In the internet era, the data being collected on consumers like us are growing exponentially and attacks on our privacy are becoming a real threat. To better assure our privacy, it is safer to let data owner control the data to be uploaded to the network, as opposed to taking chance with the data servers or the third parties. To this end, we propose a privacy-preserving technique, named Compressive Privacy (CP), to enable the data creator to compress data via collaborative learning, so that the compressed data uploaded onto the internet will be useful only for the intended utility and will not be easily diverted to malicious applications.
For data in a high-dimensional feature vector space, a common approach to data compression is dimension reduction or, equivalently, subspace projection. The most prominent tool is Principal Component Analysis (PCA). For unsupervised learning, PCA can best recover the original data given a specific reduced dimensionality. However, for supervised learning environment, it is more effective to adopt a supervised PCA, known as the Discriminant Component Analysis (DCA), in order to maximize the discriminant capability.
The DCA subspace analysis embraces two different subspaces. The signal subspace components of DCA are associated with the discriminant distance/power (related to the classification effectiveness), while the noise subspace components of DCA are tightly coupled with the recoverability and/or privacy protection. This paper will present three DCA-related data compression methods useful for privacy-preserving applications.
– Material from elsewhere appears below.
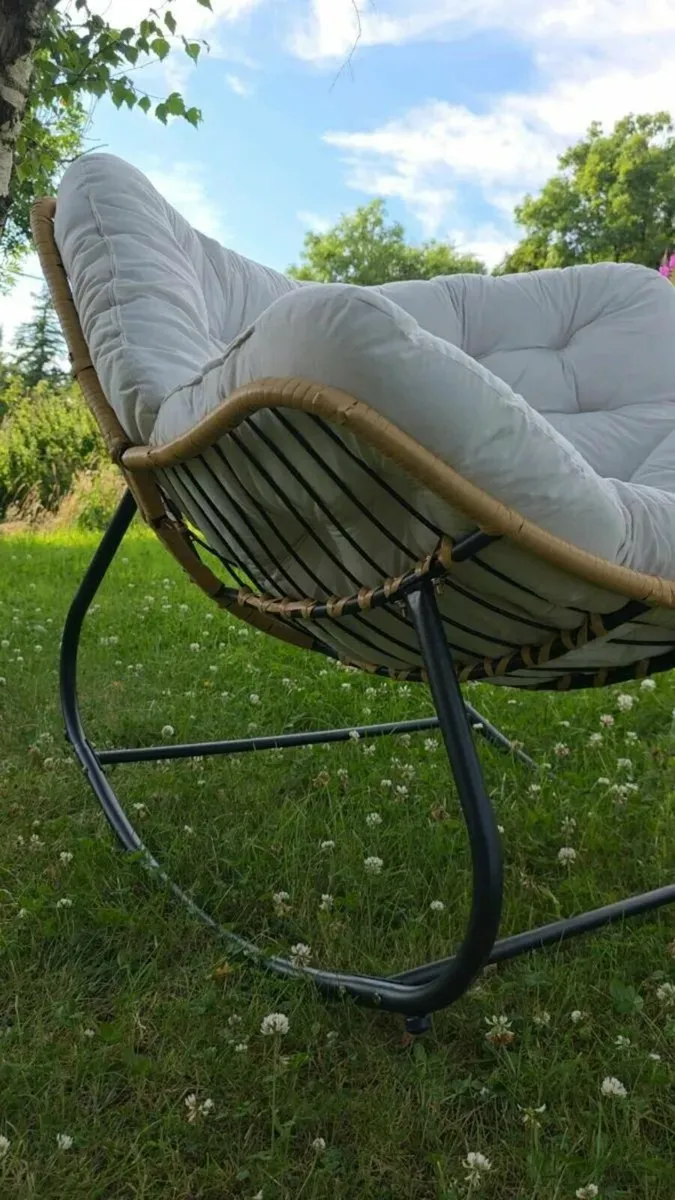 Rocking chair with cushion brand new - Image 1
- Utility-driven DCA: Because the rank of the signal subspace is limited by the number of classes, DCA can effectively support classification using a relatively small dimensionality (i.e. high compression).
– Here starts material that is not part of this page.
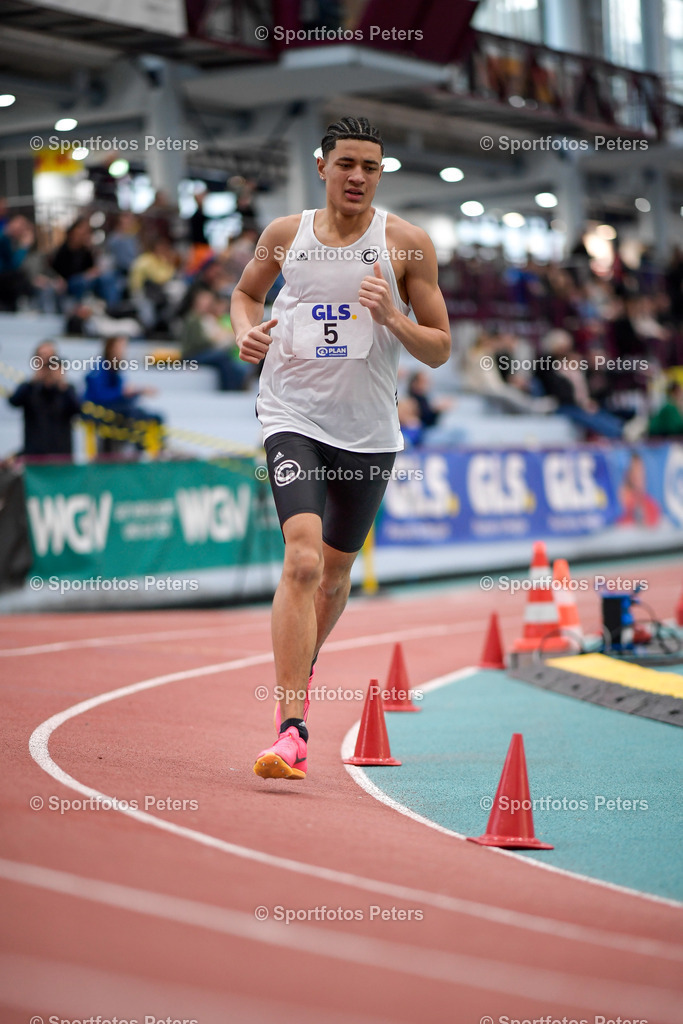 _KP12864_1 | 09.02.2025, xkaix, Leichtathletik 20. Deutsche Meisterschaften, Mehrkampf Halle v.l. Allen Cole (SCC Berlin) - Realisiert mit Pictrs.com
- Desensitized PCA: By incorporating a signal-subspace ridge into DCA, it leads to a variant especially effective for extracting privacy-preserving components. In this case, the eigenvalues of the noise-space are made to become insensitive to the privacy labels and are ordered according to their corresponding component powers.
- Desensitized K-means/SOM: Since the revelation of the K-means or SOM cluster structure could leak sensitive information, it will be safer perform K-means or SOM clustering on desensitized PCA subspace.